On dit souvent que la beauté physique est un cadeau, qu’une personne ne fait rien pour être belle, à ce compte-là, peut-on dire qu’un auteur ne fait rien pour être profond, que c’est un cadeau ? J’ai trouvé Kim Thùy d’une profondeur rare, ou en tout cas avec une manière de voir la vie qui me plait beaucoup.
Il y a de la matière à réfléchir dans ce livre. Sur la reconnaissance, la débrouillardise, l’endurance, les liens familiaux, la solidarité, les différences, le silence, l’éducation de parents aux enfants, l’exil bien sûr, les mœurs des vietnamiens. La seule matière qui se réfléchit moins bien est la méchanceté issue de l’abus de pouvoir. On aurait beau y réfléchir jusqu’aux maux de tête, c’est à n’y rien comprendre.
La forme est intéressante sous ses aspects ; l’organisation du récit et le style. Le récit découpé par ce qu’on pourrait quasiment appeler des chroniques non chronologiques, plutôt tissés par des liens intelligents, plus que la simple avancée du temps.

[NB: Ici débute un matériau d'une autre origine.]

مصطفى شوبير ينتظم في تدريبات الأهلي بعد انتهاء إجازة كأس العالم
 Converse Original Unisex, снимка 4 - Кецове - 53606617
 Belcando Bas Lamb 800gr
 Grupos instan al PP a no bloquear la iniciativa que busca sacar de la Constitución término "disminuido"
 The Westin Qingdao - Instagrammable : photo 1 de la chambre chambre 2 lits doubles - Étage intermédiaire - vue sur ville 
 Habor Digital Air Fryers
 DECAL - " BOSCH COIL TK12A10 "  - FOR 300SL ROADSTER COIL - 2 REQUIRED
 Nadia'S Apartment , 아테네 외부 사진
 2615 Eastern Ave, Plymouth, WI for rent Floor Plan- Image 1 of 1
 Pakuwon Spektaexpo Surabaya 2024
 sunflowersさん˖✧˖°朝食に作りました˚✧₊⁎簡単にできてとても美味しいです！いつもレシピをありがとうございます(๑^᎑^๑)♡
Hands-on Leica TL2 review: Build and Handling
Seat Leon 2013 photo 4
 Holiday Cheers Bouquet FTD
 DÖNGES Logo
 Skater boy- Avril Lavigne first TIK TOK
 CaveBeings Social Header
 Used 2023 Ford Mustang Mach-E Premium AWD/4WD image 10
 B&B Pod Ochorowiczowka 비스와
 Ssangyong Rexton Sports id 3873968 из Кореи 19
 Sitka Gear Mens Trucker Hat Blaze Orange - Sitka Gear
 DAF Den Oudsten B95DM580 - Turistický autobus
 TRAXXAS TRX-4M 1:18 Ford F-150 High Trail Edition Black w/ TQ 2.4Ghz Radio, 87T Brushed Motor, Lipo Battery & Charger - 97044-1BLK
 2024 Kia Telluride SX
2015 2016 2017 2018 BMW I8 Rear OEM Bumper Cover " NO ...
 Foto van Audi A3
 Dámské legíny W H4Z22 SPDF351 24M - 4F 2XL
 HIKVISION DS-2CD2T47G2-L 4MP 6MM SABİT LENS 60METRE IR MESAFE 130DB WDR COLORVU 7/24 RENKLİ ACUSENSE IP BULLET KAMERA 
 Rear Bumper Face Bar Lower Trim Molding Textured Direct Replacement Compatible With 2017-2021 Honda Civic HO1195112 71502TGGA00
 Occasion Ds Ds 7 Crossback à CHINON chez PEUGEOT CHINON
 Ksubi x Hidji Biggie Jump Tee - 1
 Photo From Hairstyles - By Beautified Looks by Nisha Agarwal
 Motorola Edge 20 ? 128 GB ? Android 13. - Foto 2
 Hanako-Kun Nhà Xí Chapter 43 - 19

Et le style ? Le style ?! Vous vous demandez, comment j’ai trouvé le style ? ... Superbe ! Vraiment, vraiment ... euh .... Superbe !
P.R (Petite Remarque) : L'objet livre est élégant, d'un esthétisme ciblant le sujet. La couverture de bonne qualité, avec une texture particulièrement agréable à toucher, un format facile à tenir. Tous ces points donnent le goût de le conserver dans sa bibliothèque pour un jour le relire.
15 commentaires:
Donc, je lis, il faut acheter ce livre.
Je savais qu'il vous plaisait, juste à la vitesse de lecture.
Tu m'achève, je vais le lire aussi!
Oups! Pas fort achèves avec un "s"!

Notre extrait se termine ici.